# déjà / jamais



## Xanthius

Hey,

In English, there are 3 main constructions of this sentence I guess:
1) Have you ever…?
2) Have you never…?
3) Have you … already?

Each one has a subtly different emphasis. That is:
1=> there is no expectation that you have or haven’t done it…
2=> expresses surprise that you haven’t done it…
3=> there is an expectation that if you haven’t done it then you will do it soon.

In French, there are: (are there more?)
a) Vous n’avez jamais … ?
b) Vous avez déjà … ?

Do these have the same expectations 2) and 3) respectivly? And if so, how can I construct a sentence with the same meaning as 1) (ie without expectation). I hope I have expressed myself clearly.

Lastly, I have started thinking about this as I needed to translate
“Have you ever danced with the devil in the pale moonlight?”
And I settled with: « Avez-vous déjà dansé avec le diable au clair pâle de la lune ? »
Is that ok? Or does it have an expectation that if you haven’t yet you will?

Merci d’avance for any help you can give me…

*Moderator note:* Multiple threads merged to create this one.


----------



## Orientale

Have you ever... ?          Avez-vous jamais... ?
Have you never... ?        N'avez-vous jamais... ?
Have you... already ?      Avez-vous déjà... ?


----------



## KristinaMaria

Xanthius said:


> 3=> there is an expectation that if you haven’t done it then you will do it soon.



or that you did it so soon already


----------



## Jean-Michel Carrère

*1* could also be translated into "Vous est-il déjà arrivé de (faire qqch) ?" / Avez-vous au moins une fois dans votre vie (fait qqch) ?"


----------



## Xanthius

Thanks...

So does that mean droping the "ne" from "ne...jamais", changes the meaning to ever rather than a 'lazy' never...?

And so does that make this translation accurate (using jamais without the ne, and not using déjà?)

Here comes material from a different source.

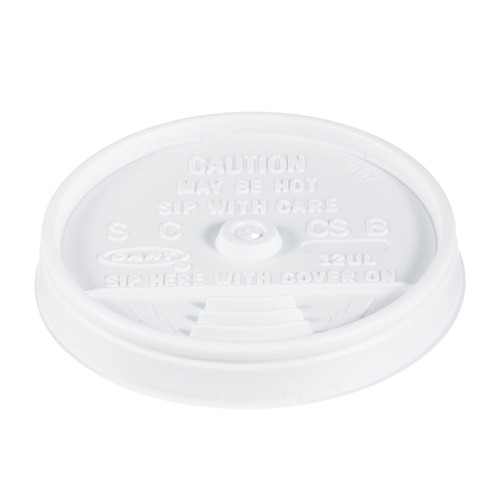 Cups and Lids | Dart 12UL Sip-Thru Lids for 10 - 14 oz. Foam Cups - White (1000/Carton) image number 0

“Have you ever danced with the devil in the pale moonlight?”
« Avez-vous jamais dansé avec le diable au clair pâle de la lune ? »

Thanks again!


----------



## pomme

Xanthius,I would rather write:"Avez-vous jamais dansé avec le diable au pâle clair de lune"


----------



## Sarah_C

Bonjour à tous,
I am an English Language Assistant in a French school. Just before Christmas I asked my students to answer the question “What was the best present you ever got?” which, after much nagging, I finally translated for them as, “Quel a été le meilleur cadeau que tu aies jamais eu?” However, I noticed they immediately changed _jamais_ into _déjà_, which surprised me as I seem to remember translating phrases such as “elle est la plus belle femme que j’aie jamais vu” with my teacher. Am I just going mad, or can jamais be used in this way?
Sorry for not writing in French, I usually give it a shot but I’m a bit pressed for time.
Thanks a lot for your help,
Sarah


----------



## [Marc]

jamais is right here


----------



## [Marc]

It means : the best you had since your first gift, basically...


----------



## Mjollnir

"jamais eu" is what I usually use.  I've seen "déjà eu" but I'm not very comfortable with it.  

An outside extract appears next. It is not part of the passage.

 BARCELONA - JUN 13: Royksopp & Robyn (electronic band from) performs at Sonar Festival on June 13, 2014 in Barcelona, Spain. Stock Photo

I'm not sure, but wouldn't "Laquel étais le meilleur cadeux" be better than "quel a été?"  Sorry for the tangent...


----------



## Johanne

Salut!

Est-il dit ici qu'après bien des demandes, le gars a eu sa moto avec carénage ou qu'il a eu un carénage sans l'avoir demandé. Je n'arrive pas à déterminer si *ever* veut dire _jamais_ ou _déjà_. Le reste du paragraphe ne m'aide pas non plus.

Perfect to see how much it helps having a fairing on the 750. Not that I ever asked for one.

Merci!

Joh


----------



## spielenschach

n'importe quand


----------



## Kelly B

Jamais, but not in the negative sense: something like
Ce n'est pas à dire que j'en ai jamais demandé. (_Non pas _je n'en ai.)


----------



## Sickduck

Perfect to see how much it helps having a fairing on the 750 = Génial de voir à quel point c'est utile d'avoir un carénage sur la 750.

Not that I ever asked for one = Non pas que j'en ai jamais demandé un.


----------



## manchester

_Pas _que je n'en ai jamais demandé...ou "_pas parce que _je n'en ai jamais demandé.."
"ever " peut vouloir dire "déjà" dans une question, dans le sens de "t'est-il arrivé une fois de ...?"
ex: Have you ever been to paris? Tu es déjà allé à paris?


----------



## Johanne

Donc, il a demandé et il a reçu. C'est bien ça?


----------



## Kelly B

Mais non. Il n'en a _jamais _demandé, mais il en a eu un tout de même.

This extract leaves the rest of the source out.